Ninguno de mis compañeros de chapoteo, escondite y exploración conocía por qué se llamaba así aquel lugar, y no he hallado aún al viejo conocedor que me lo explique. El único remedio ha sido suponer. Y cómo no suponer que una visión confusa, una aparición a deshoras o una creencia muy fuerte en lo sobrenatural sean la causa del asunto.
O el afán, ahora que lo pienso, por asustar a sucesivas generaciones. Cualquiera deseoso de hacer pasar malos ratos a los miedosos de turno, premiado únicamente con su propia malicia, pudo haberse inventado un día la existencia de uno de esos duendecillos fluviales que pueblan las historias rurales de esta Isla. Quizá fue cosa de un día, pero quizá surtió tal efecto que los asustados perpetuaron el mito.
Me yo de aquella fotografía trucada que hace unos años reventó las redes sociales, las pocas que había entonces, cuando las Cuevas de Bellamar tuvieron de pronto un güije burdamente agregado en Photoshop. Y no porque el mío sea más verdadero, sino porque al menos no se anda exhibiendo para resultar interesante. Una fake new simplemente atrae turistas. Una leyenda de extrarradio atrae la memoria, y con ella la emoción.
Siempre he creído que lo invisible perturba más, que las criaturas que te rozan la pantorrilla bajo la superficie provocan más escalofríos por segundo que las que puedes señalar desde lejos, riéndote cuando las contemplas en la pantalla de tu celular. Lo comprobé un par de veces en el charco donde tantas veces jugué. Podía ser un majá de agua, pero yo elegía creer en la existencia de un húmedo duendecillo, escurridizo y perturbador.
A todos los niños de mi época nos marcó mucho el que aparecía en El camino de los juglares, ese programa infantil de título tan bello que uno confundía con la palabra jungla y sus derivados. Era negrito, infantil, gracioso y afable, todo lo contrario a la naturaleza ominosa que la cultura popular suele atribuir a los seres oscuros de sus fantasías.

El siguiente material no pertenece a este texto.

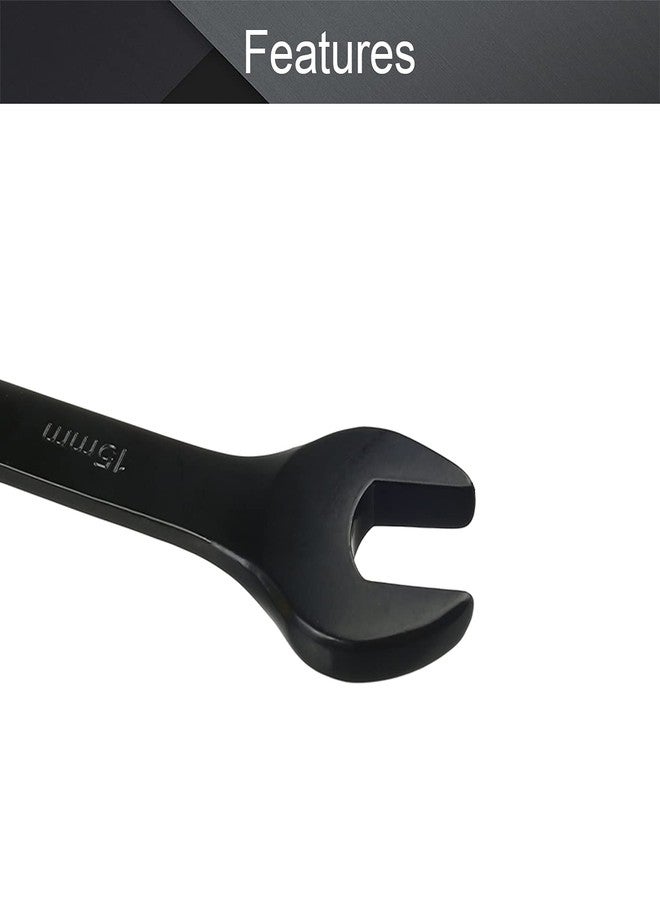 اتول مارت مفتاح ربط Utoolmart متعدد الفتحات مقاس 15 مم، مفتاح ربط سقاطة 12 نقطة، طلاء كهربي أسود Cr-V، طول 185 مم للإصلاح للاستخدام الصناعي - Image 3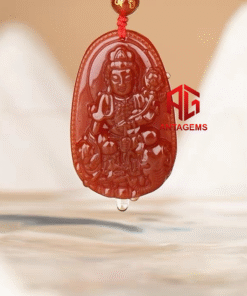 Mặt Dây Chuyền Phổ Hiền Bồ Tát Đá Mã Não Đỏ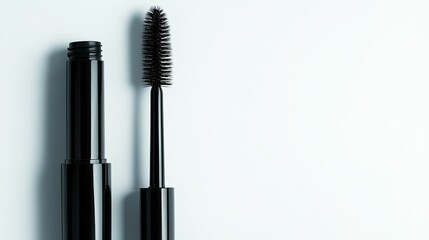 A close-up of a mascara brush with defined bristles, standing beside a stylish mascara tube on white.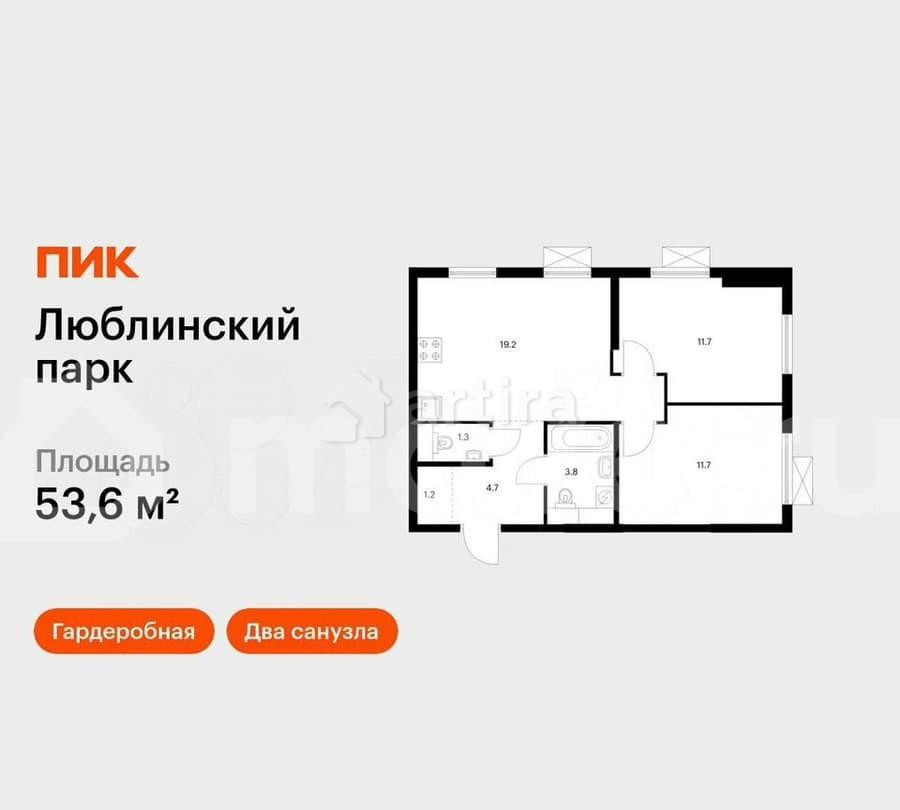 2-комн. квартира, 53.6 м2, 15/25 эт. Москва - изображение 1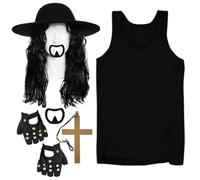 Adults 90s Wrestler Costume - Black Vest Top, Crimped Wig, Hat, Studded Gloves, Gold Cross, Black Goatee - Adults Wrestling Fancy Dress Costume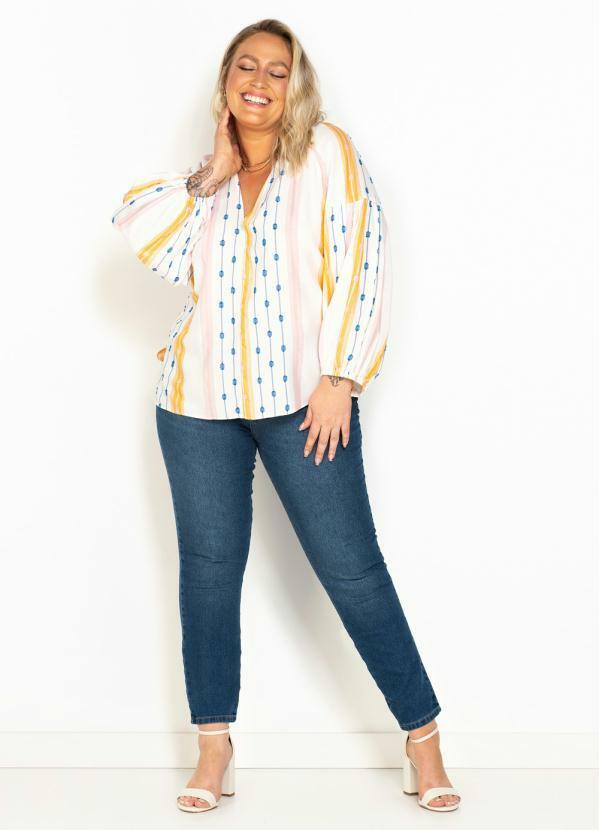 Maria Filó - Blusa Manga Longa de Viscose Listra Color Bege 7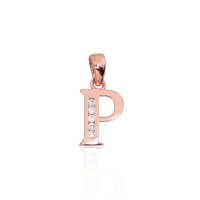 14K Red Gold Cubic Zirconia Letter Pendant “P III”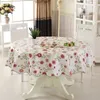 Toalha de mesa redonda de plástico em pvc, estilo nórdico, padrão de flores pastorais, à prova d'água, toalha de mesa de cozinha 240220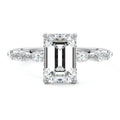 Silver Emerald Diamond Side Stone Engagement Ring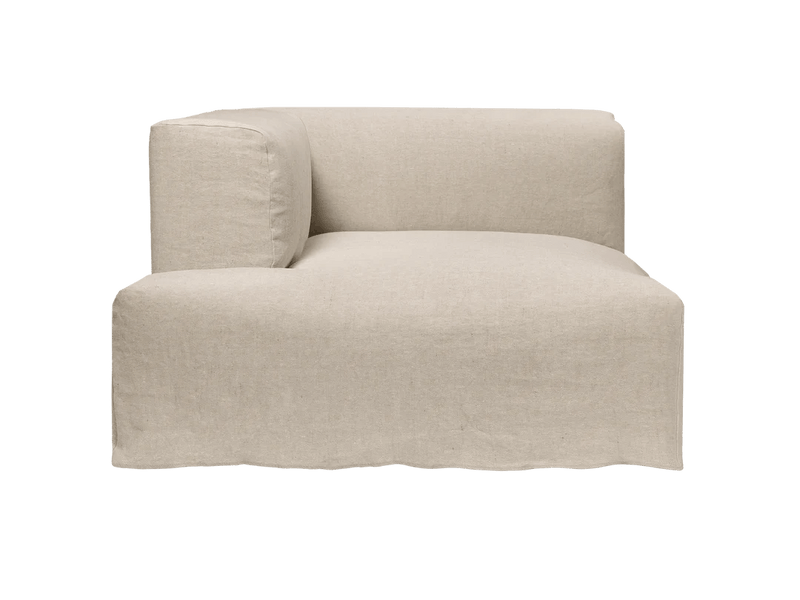 Catena Sofa Chaise Longue Left - L600 - Ferm Living Sofas - Cotton Linen - Natural - HORNE
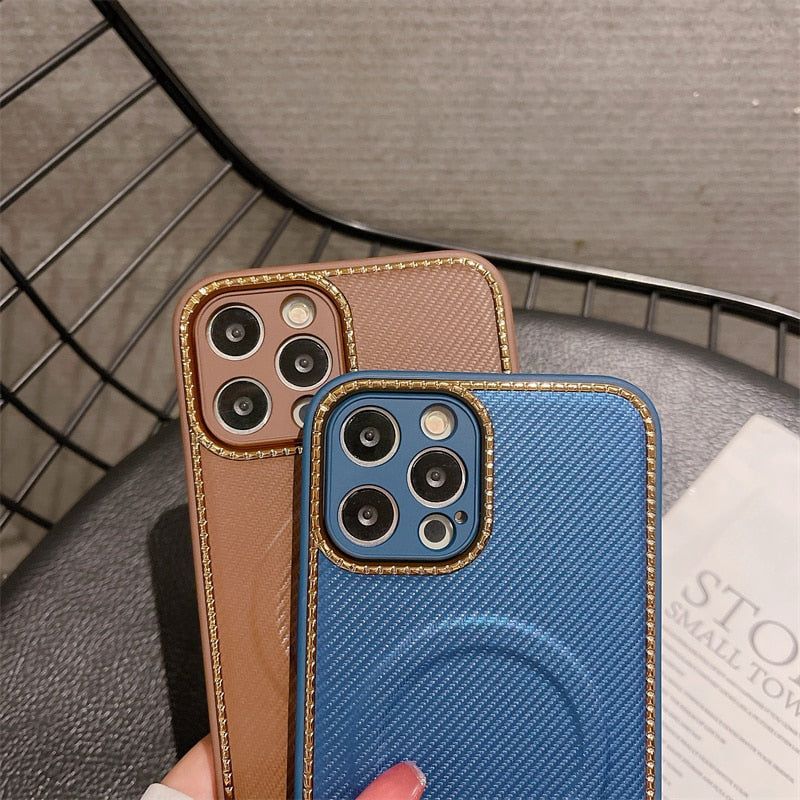 Luxury Leather Weave Texture For MagSafe Magnetic Wireless Charging Matte Case For iPhone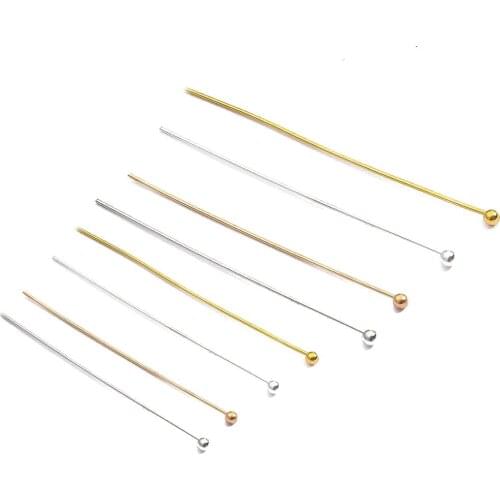 200pcs Gold Silver Color Metal Ball Head Pins For Diy Jewelry Making Head pins Findings Dia 0.5mm 16 20 25 30 40 50 mm Supplies
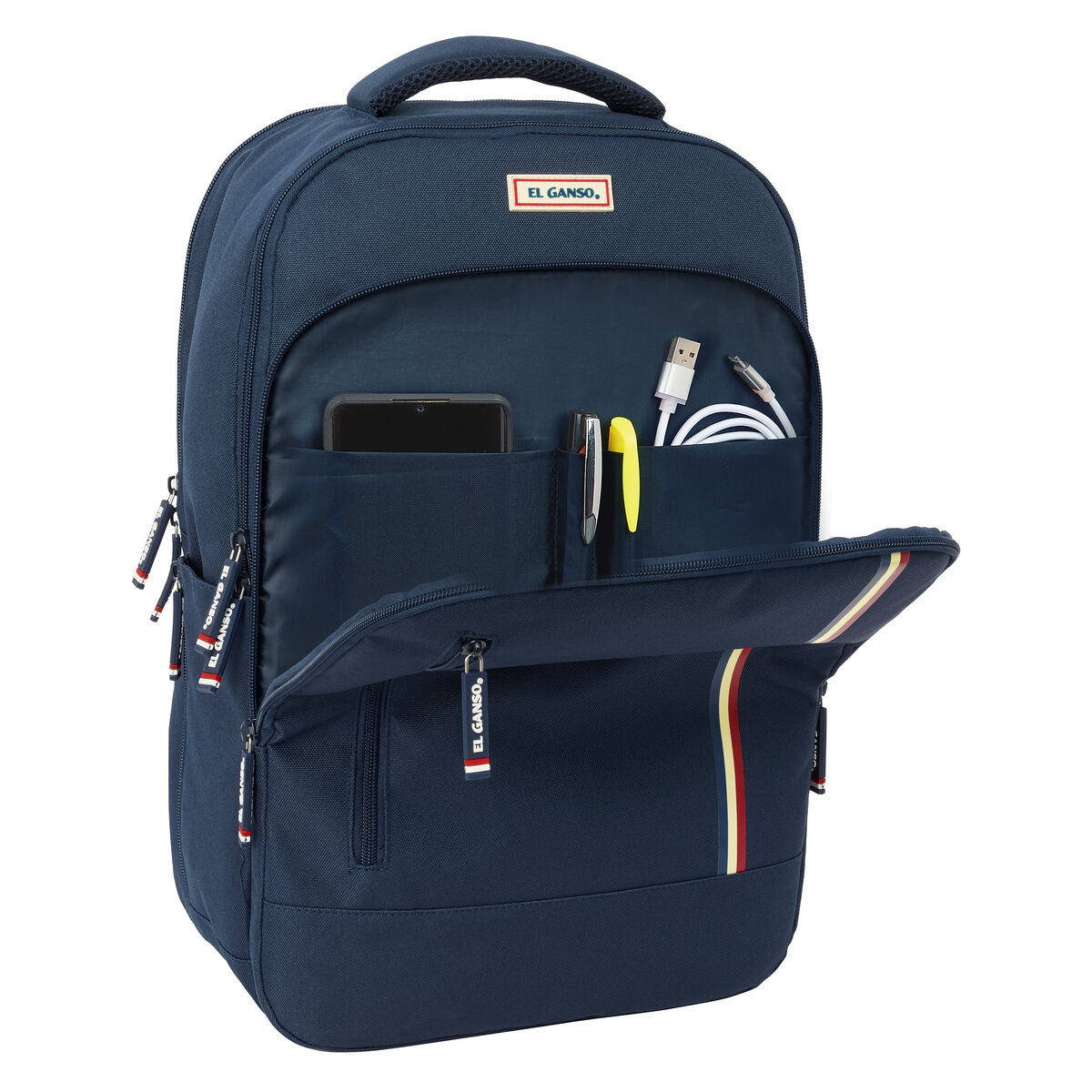 Afbeeldingen van Rucksack for Laptop and Tablet with USB Output El Ganso Eclipse Navy Blue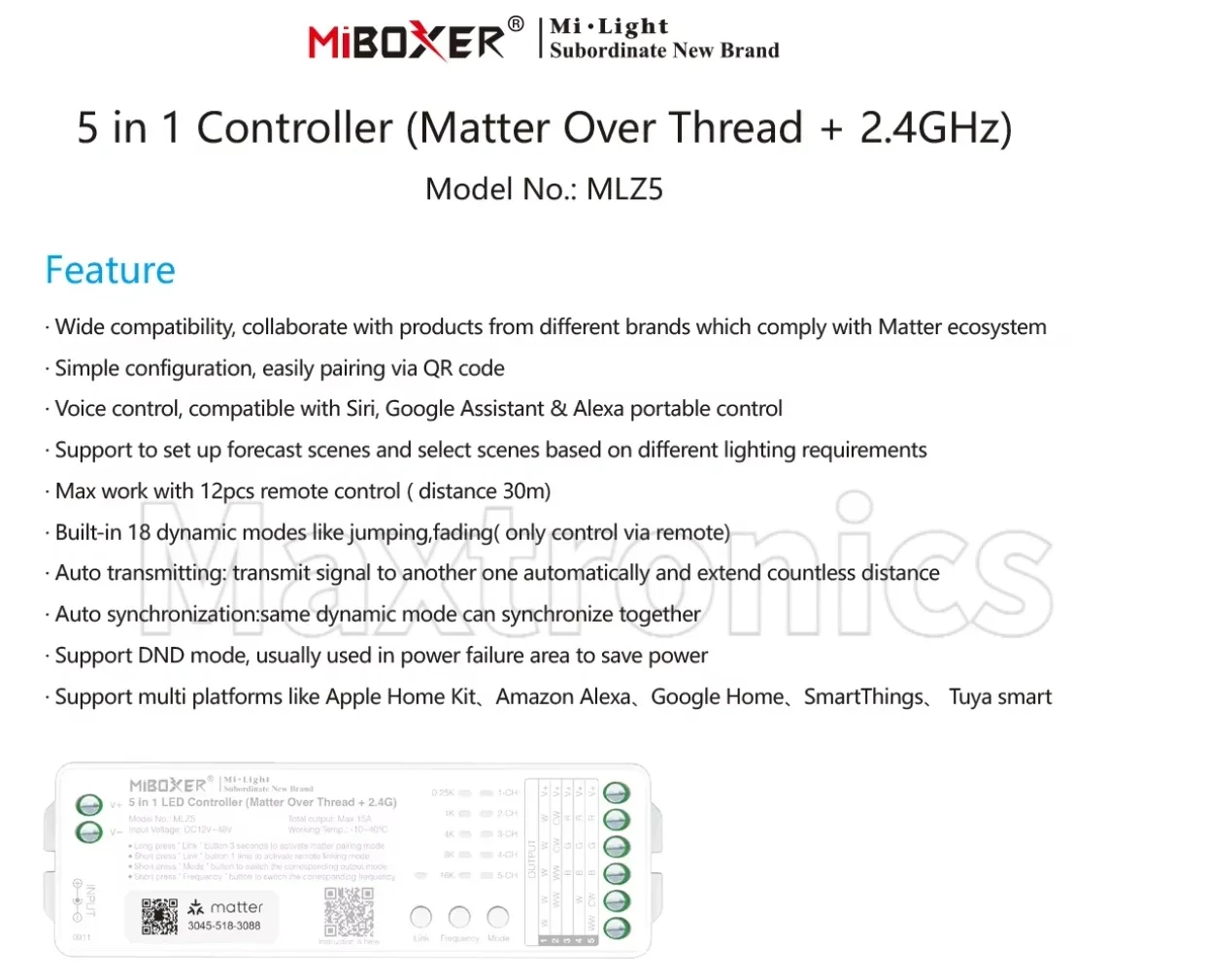 MiBoxer SMZ2 Tuya Voice APP (Matter Over Thread+2.4G) SMZ5/ MLZ5 5 in 1 LED Controller for DIM/RGB/RGBW/RGBWW/RGBCW/RGBCCT Strip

Por eso no era precisamente pavor lo que nos producía la idea de toparnos con un semejante suyo en nuestro paraje habitual.
No obstante, el día en que se me rezagó una chancleta en el fango, a pocos centímetros de profundidad, en cuanto hundí las manos para recuperarla ya no estaba… De haber escuchado una sola risita entre los matorrales a mi alrededor, ese día hubiera empezado a ver de otra forma el mundo.
Tal vez fuese esa mi primera historia por contar de puerta en puerta, como un loco, si la súbita visión de un hombrecillo me hubiese borrado la razón y no me quedase más remedio que recorrer para siempre el camino de los juglares con un cuento de camino.